Gingival fibromatosis-5 is an autosomal dominant benign overgrowth disorder characterized by slowly progressive fibrous enlargement of the keratinized gingival tissues. Affected individuals may have diastema, malposition of the teeth, and prolonged retention of primary teeth. Onset is in the first decade. Treatment by surgical resection is generally followed by regrowth of the gingival tissues (summary by Pehlivan et al., 2009).

Clinical Features

Pehlivan et al. (2009) reported a large 3-generation Turkish family in which 6 individuals had severe generalized gingival hyperplasia involving both the mandibular and maxillary arches with onset around age 3 years. Keratinized gingival tissues covered at least one-third of the clinical crowns. Bayram et al. (2017) reported 11 patients from 3 unrelated Turkish families with gingival fibromatosis, including the family reported by Pehlivan et al. (2009). The patients, who ranged in age from 9 to 48 years, presented in childhood (age 3 to 8) with gingival overgrowth. Three patients had pectus deformities, including a girl who also had short stature, hiatal hernia, and recurrent upper respiratory infections. One boy had osteoporosis and osteomyelitis, but his brother with gingival fibromatosis did not have those additional features.

Inheritance

The transmission pattern of GINGF5 in the families reported by Bayram et al. (2017) was consistent with autosomal dominant inheritance.

Molecular Genetics

In 11 patients from 3 unrelated Turkish families with GINGF5, Bayram et al. (2017) identified 3 different heterozygous truncating mutations in the REST gene (600571.0004-600571.0006). The mutations, which were found by exome sequencing and confirmed by Sanger sequencing, segregated with the disorders in 2 families; the mutation in the proband of the third family occurred de novo. A mildly affected father in 1 of the families was mosaic for the mutation.
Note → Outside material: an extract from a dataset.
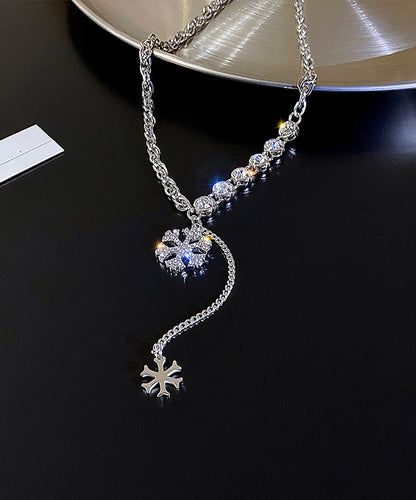 Beautiful Silk Alloy Zircon Snowflake Pendant Necklace
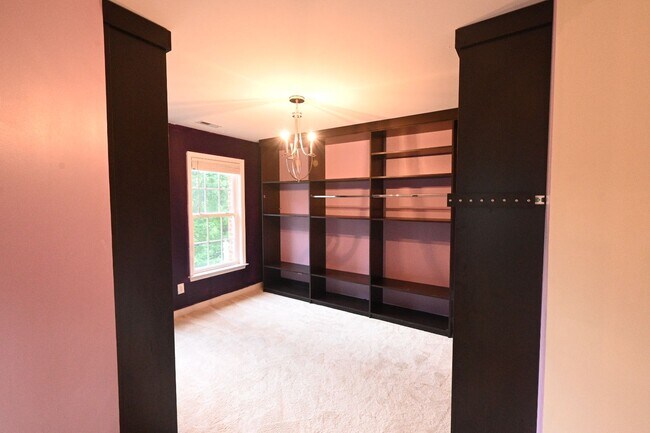 Building Photo - Gorgeous Charter Colony Cul-de-Sac Home: 4 Bed, 2.5 Bath Home with Screened-In Porch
All mutations occurred in the final exon of the gene, which may result in escape from nonsense-mediated mRNA decay, suggesting that the alleles may act through a dominant-negative or gain-of-function effect. Bayram et al. (2017) noted that studies have suggested that the disorder results from excessive accumulation of extracellular matrix components, particularly collagen type I, which may be due to abnormal expression of TGF-beta (TGFB1; 190180) and IL6 (147620). The mutant transcripts may reduce the repressor function of REST on the collagen synthesis pathway, resulting in the accumulation of collagen in gingiva. However, functional studies of the REST variants and studies of patient cells were not performed.